In a study of 69 children undergoing blood tests, Italian researchers found that when they showed kids cartoons during the procedure, it distracted them enough to ease their pain.
The finding may not come as a surprise to parents who’ve seen their child entranced by the TV screen. What may surprise them is the finding that mothers couldn’t soothe their children nearly as well as television did.
The study found that children’s pain was almost as great when their mothers were near, offering comforting words and caresses, as when their moms merely stood in the room. It’s possible, according to the researchers, that a mother’s own emotions keep her from effectively distracting and calming her child.
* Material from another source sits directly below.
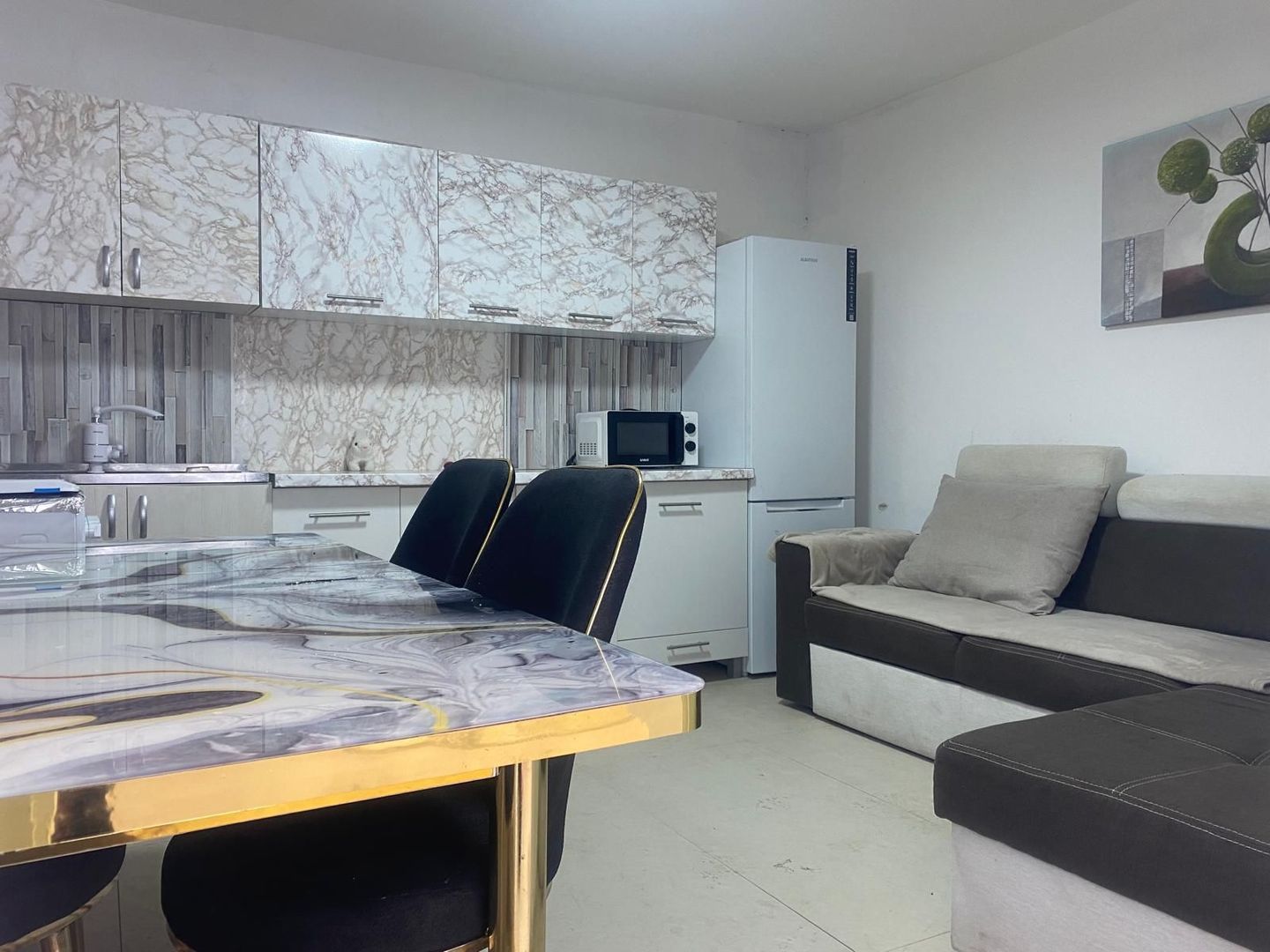 Casă de vânzare în Răzvad, la o distanta mica fata de oras! - Poză 5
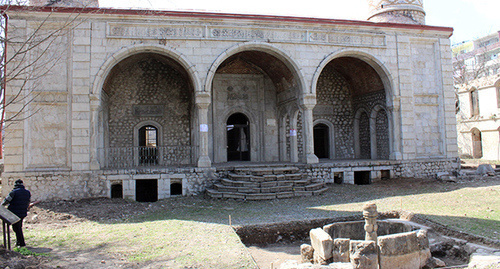 Завершились раскопки и подготовительные работы для реставрации иранского памятника "Верхняя мечеть" в городе Шуши Нагорного Карабаха. 8 апреля 2017 год.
Or the findings may simply be a testament to the “distracting power of television,” they report in the journal Archives of Disease in Childhood.
For the study, a team led by Dr. Carlo Bellieni of the University of Siena randomly assigned 69 7- to 12-year-olds to one of three groups. Some had blood drawn while their mothers stood by, offering no distraction; in a second group, mothers comforted their children during the procedure; and in the third group, children were shown a cartoon movie for distraction.
Afterward, the children were asked to score their pain level on a visual scale from 0 to 100. Children in the TV group rated their pain much lower than those in the other two groups; on average the TV group scored 8.91, versus 23.04 in the no-distraction group and 17.39 in the mother-soothed group.
Mothers also believed their children suffered less pain when allowed to watch TV.
Pain involves both a stimulus that sends a message to the brain—like a needle into an arm vein—and the brain’s processing of that information. When the brain is distracted, this changes a person’s perception of pain. Research has shown, for instance, that virtual reality technology can keep the brain from processing pain signals during an uncomfortable medical procedure.
The current findings, according to Bellieni’s team, “support the benefit of introducing a distracting environment during minor painful procedures in children.”
But they’re quick to point out that parents still matter. Even if mothers didn’t rid their children of pain in this study, the researchers note, children still benefit from knowing their parents are with them in times of stress.